While taking stock of my collection of GG memorabilia, I was motivated 
to replay a tape I had made from radio (April,'93), since it marks an
anniversary of sorts. J. Roberts, who compiled and co-edited the book of
GG Letters, (publ. '92) knew GG for 35 years, and spoke fascinatingly
about his extraordinary friend. While GG was still concertizing, and 
before he became a world-class performer, he would ask Roberts (and later
Roberts and his wife) to accompany him from Toronto to Stratford (a 
distance I would estimate at about 75 miles). But then he insisted that 
neither of them attend his performance. GG said that the presence of any-
one he knew in the audience made him feel "disturbed." Roberts considered 
this behavior quite eccentric, since such an "anonymous"
audience would hardly be possible most of his concertizing life. 

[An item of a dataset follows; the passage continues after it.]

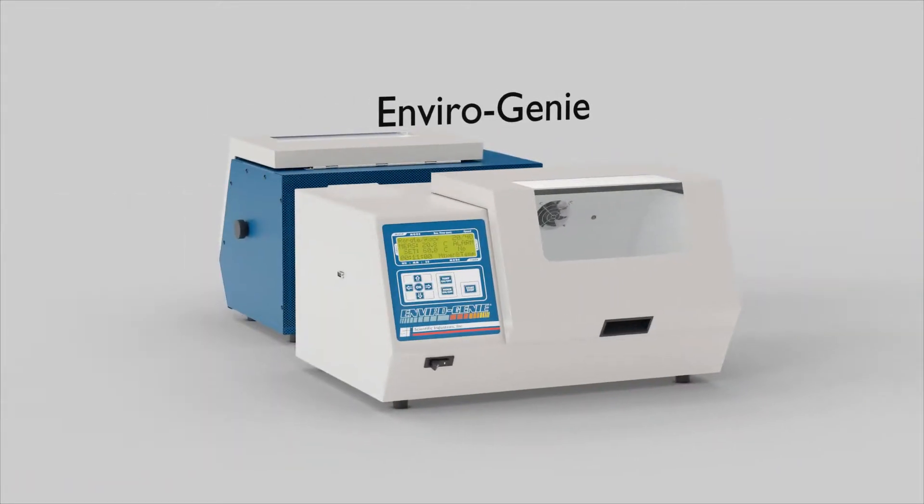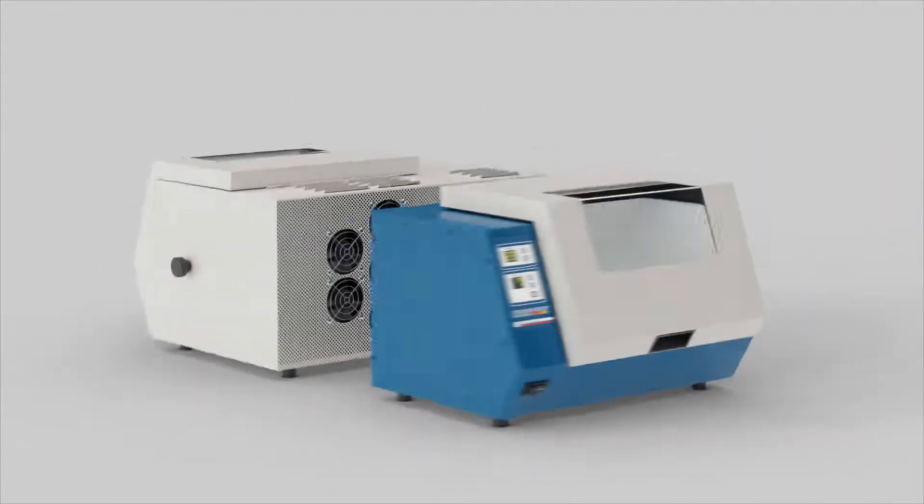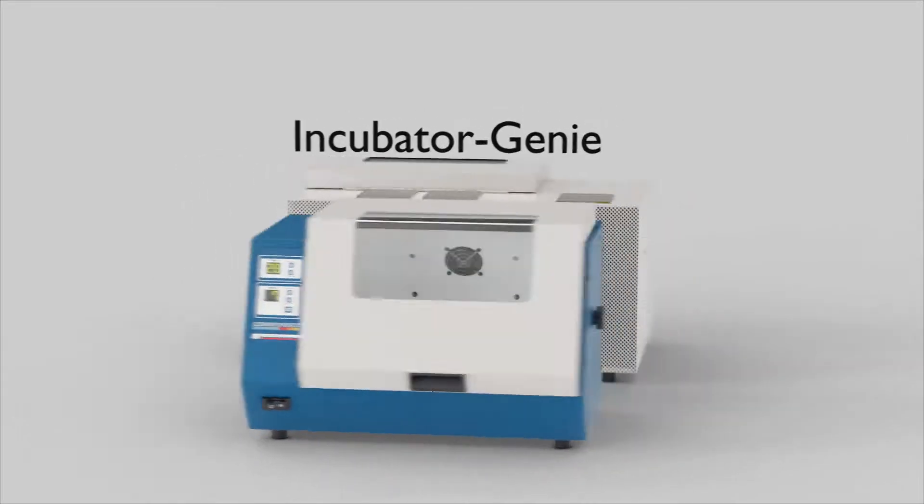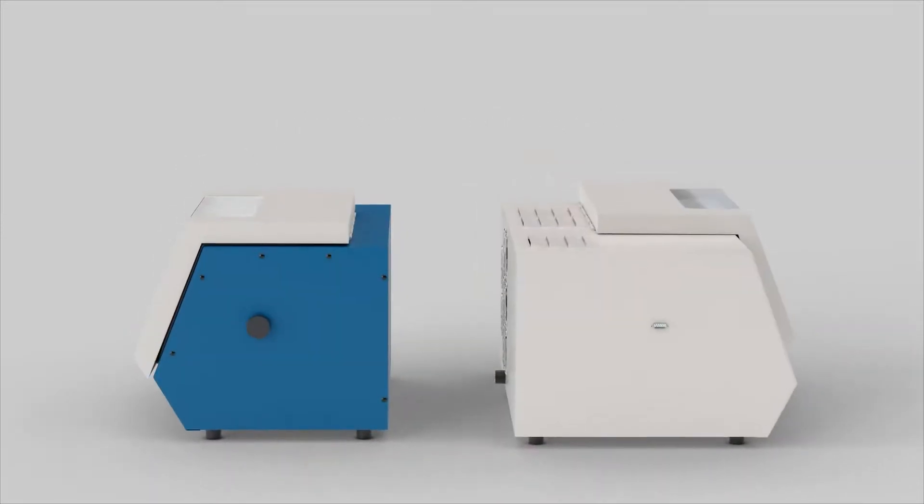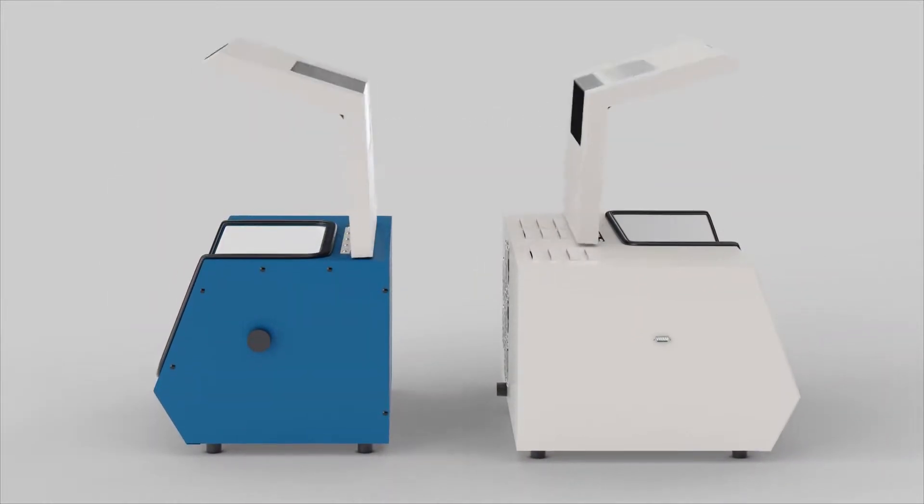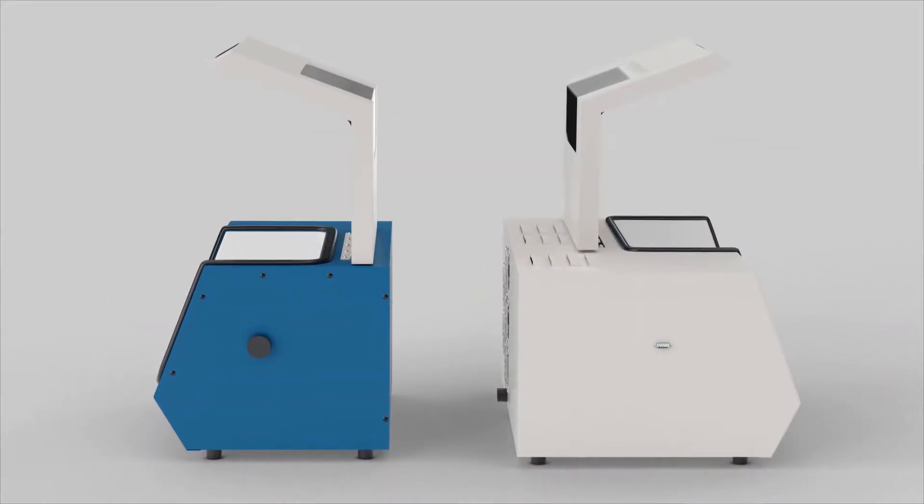The EnviroGenie and IncubatorGenie, industry's leading benchtop incubators.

Another fact regarding GG's early retirement from the concert stage had 
to do with his abhorrence of his fans' behavior. We all know how 
oppressed he was by the rigors of travel, the loneliness, the sub-stand-
ard pianos he often encountered, etc. But, he complained to Roberts, that 
he was only someone who "happened to play the piano," and could not 
understand why his playing made audiences respond with shouts and 
whistles. And being mobbed backstage by a crush of boisterous fans was at 
least as responsible for his abandoning live performances, according to
Roberts. This latter fact is usually not mentioned in articles that dealt 
with the question of why he left the stage so early in his career, only 
to reach his audiences via recordings.